Assembly Language Programming

This page provides a brief tutorial on Assembly Language programming. The textbook provides a brief summary of assembly language programming but does not provide sufficient detail for you to write complete assembly language programs. This tutorial is intended to provide enough detail and links to resources to help you complete the laboratory exercises. This tutorial will be targeted for the RARS assembler.

Overview

The purpose of assembly language is to provide a more convenient way for generating the binary machine language instructions executed by the processor. While humans could generate the raw binary machine code, it is more convenient for us to work with symbols (words and numbers) rather than in binary numbers. Assembly language is more readable than the binary machine code and is easier to edit and manipulate.

The purpose of the “assembler” is to translate the text assembly language file written by a human into binary machine code executed by the processor (See section 2.12 in the textbook). This process is tedious and best left to a computer. There are a number of different assemblers available for the RISC-V processor and the syntax of the assembly language you write may vary a bit from assembler to assembler. This tutorial will help you write proper assembly language code for the RARS assembler.

Assembly language programs are text files with instructions, assembly language directives, labels, and comments. These files usually have an extension of “.s” or “.asm” to distinguish them from C or other higher level languages. You will be creating a number of assembly language programs over the semester and will become familiar with the syntax of RISC-V assembly.

Comments

Like all programming languages, assembly language allows you to include comments. Although the textbook uses the traditional ‘C’ comment of a double slash // in its assembly language examples, the RARS assembler uses the pound signal # for comments:

# This is a comment at the start of the line

Because assembly language is so terse, comments are essential and you should provide comments freely throughout the code. Comments can be made at the start of a line or at the end of the line (such as an instruction) as follows:

    subu $sp, $sp, 32  # This is a comment after an instruction

See the Assembly language coding standards for requirements for comments in assembly language files.

Labels

Assembly language programs frequently refer to memory locations within the program. “Labels” are frequently used to refer to specific locations within the program or data. A label is specified by providing a unique name followed by a colon as follows: <label_name>:. Labels are convenient because they allow you to refer to other memory addresses without knowing the actual location of that address. You will use labels to specify specific locations within your assembly language program and for specific data elements. Labels should be left justified in your file. Here are some example labels.

main:
     # The instruction after this label can be referenced by the 'main' label
data1:
     # Any data declared here can be referenced by the 'data1' label

Labels are required when you use control flow instructions such as branches and jumps. You should place a label before the instruction used as a branch target or a jump target and then refer to the label in the branch or jump instruction.

Instructions

The most common input in an assembly language program are the instructions that are executed by the processor. Instructions are entered in an assembly language file as one line per instruction (we don’t put more than one instruction on a line). The instructions are written in sequential order - the instructions are executed one at a time in the order they are written in the file. The native instructions supported by the RISC-V are summarized in section 2.2 of the textbook.

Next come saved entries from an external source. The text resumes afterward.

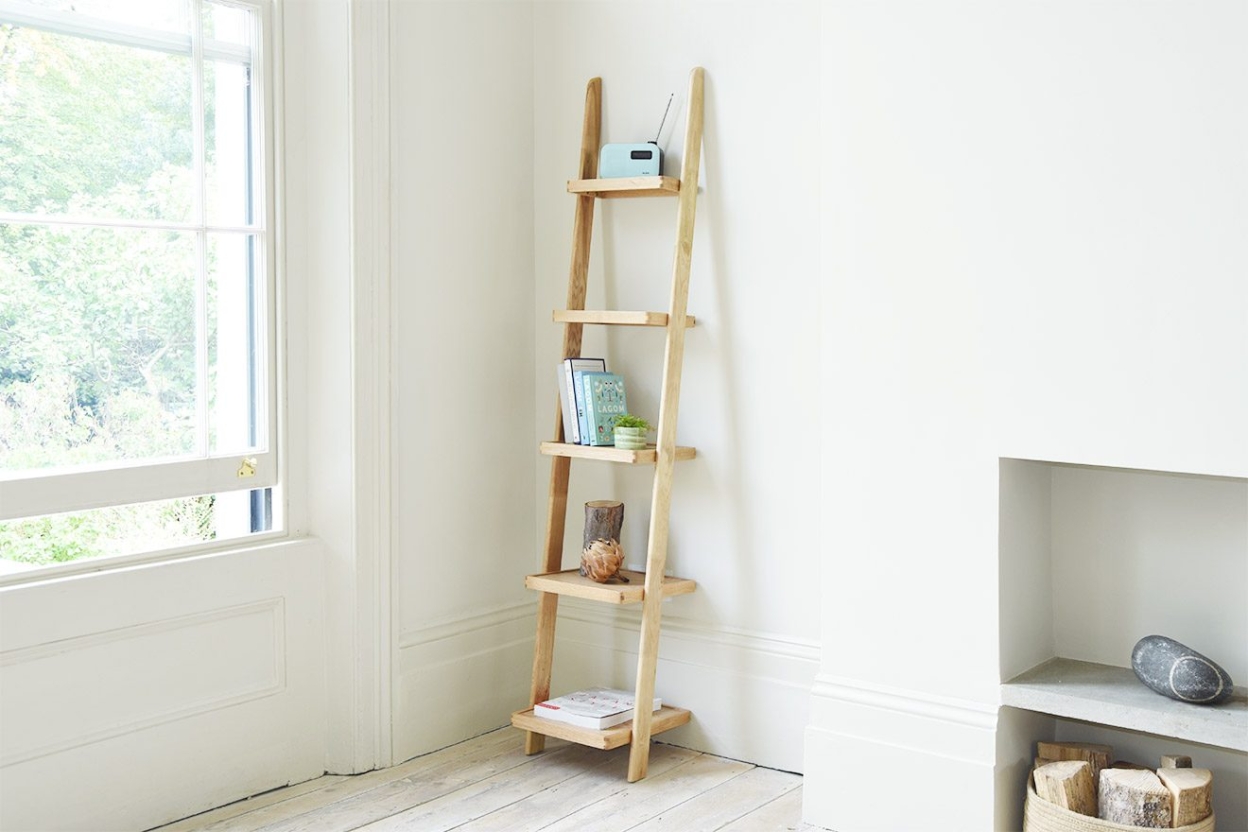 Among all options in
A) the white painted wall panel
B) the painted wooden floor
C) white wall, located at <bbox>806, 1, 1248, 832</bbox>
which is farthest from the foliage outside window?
white wall, located at <bbox>806, 1, 1248, 832</bbox>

The general template for an instruction is the mnemonic for the instruction followed by a comma-separated list of operands used by the instruction. The instruction mnemonic must match an existing instruction and the operands given to the instruction must match the instruction format of the given RISC-V instruction. There are a variety of instruction formats so not all instructions have the same number of operands or same type of operands.

A tab or fixed number of spaces is usually provided before an instruction to separate it from the labels. The following example demonstrates a few RISC-V instructions.

sample_code:
     xor x17,x15,x16
     jal testcode
     sw s1,4(sp)

Pseudo (extended) Instructions

Assemblers sometimes allow the use of additional “instructions” to be used by the programmer that are not natively supported by the processor. These instructions are often called “pseudo” or “extended” instructions and are made available to the programmer to provide improved clarity to the meaning of the instruction or to provide a convenient or concise way of implementing a common operation (see pages 132-133 of the textbook). When the assembler encounters an pseudo instruction, it will replace the instruction with one or more native instructions that perform the function intended by the extended instruction. The table below demonstrates a few common pseudo instructions.

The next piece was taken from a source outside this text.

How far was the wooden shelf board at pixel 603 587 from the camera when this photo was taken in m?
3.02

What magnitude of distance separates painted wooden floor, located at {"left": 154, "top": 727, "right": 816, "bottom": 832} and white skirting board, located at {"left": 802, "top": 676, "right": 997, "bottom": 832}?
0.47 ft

Pseudo Instruction Example Actual Instruction
li (load immediate) li x12, 2 addi x12,x0,2
nop (no operation) nop addi x0, x0, 0
lw (load word) lw x15, aa auipc x15, 0xfc10
    lw x15, 0x18(x15)
mv (move register) mv x5, x10 add x5, x0, x10

Like native instructions, pseudo instructions each have their own instruction format.

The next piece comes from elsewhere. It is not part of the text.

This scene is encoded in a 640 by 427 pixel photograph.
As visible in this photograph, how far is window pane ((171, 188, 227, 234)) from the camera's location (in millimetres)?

Refer to the back page of the green card and the RARS assembler help menu for details about the various pseudo instructions. Sometimes you use these pseudo instructions so often that you forget that they are not actually real processor instructions.

Instruction Operands

All instructions require operands to customize the operation of the instruction. Operands for RISC-V are summarized in Section 2.3 in the textbook. The operands used for instructions include register specifiers and constants. There are a number of ways to specify the registers and constants.

Registers

Registers can be specified in one of two ways: by using the register number and by using the register “name”. When referring to registers using the register number, the register number is specified by using the character ‘x’ followed by the register number. For example, ‘x13’ refers to register 13. Each of the registers also has a name (see the register name, use, and calling convention table on the green card). For example, the register named “a3” refers to register “x13”. The following example demonstrates both approaches for using register operand.

    ori x13, x12, 0xFC  # Use of register numbers
    ori a3, a2, 0xFC    # Use of register names

Constants

Constants are often used in assembly language and there are a number of ways to specify constants. Constants can be named using the .eqv assembler directive. Labels are also used frequently as constants (i.e., the address the label refers to). Constants can also be used directly in the code. The following example demonstrates several uses of constants:

.eqv MY_NUMBER 10	# Constant

    addi x13, x12, MY_NUMBER   # Use of named constant
    ori a3, a2, 0xFC           # Use of Hex constant
    addi a3, a2, -10           # Use of Decimal constant
    bne a0, t0, branch_target  # Use of a label as a constant
    ...
    
 branch_target:

Assembler Directives

Another important component of assembly language programs are assembler “directives”. These directives are instructions to the assembler to indicate how the assembler should interpret the assembly text. All assembler directives start with a period (.) followed by a keyword.

Directive Purpose
.globl <label> Declare the given label as global and accessible to other files
.text Indicates instruction or program memory space
.data Indicates global data space. Used to store/allocate data
.word <data> Store the given data element as a 32-bit value on a word boundary
.eqv <NAME> <VALUE> Define a named constant. Example: .eqv SYS_PRINT_STRING 4

System Calls

The RISC-V processor has two special ‘privileged’ instructions for managing system-level interaction of the processor: ecall and ebreak. The ecall instruction is for issuing privileged system call to the supporting execution environment. The ecall instruction will be used in your assembly language programs to issue system calls to receive input from the outside I/O and sending output to the outside I/O (such as receiving and sending characters to the screen). More details on how to use the ecall and access system calls will be described in another document.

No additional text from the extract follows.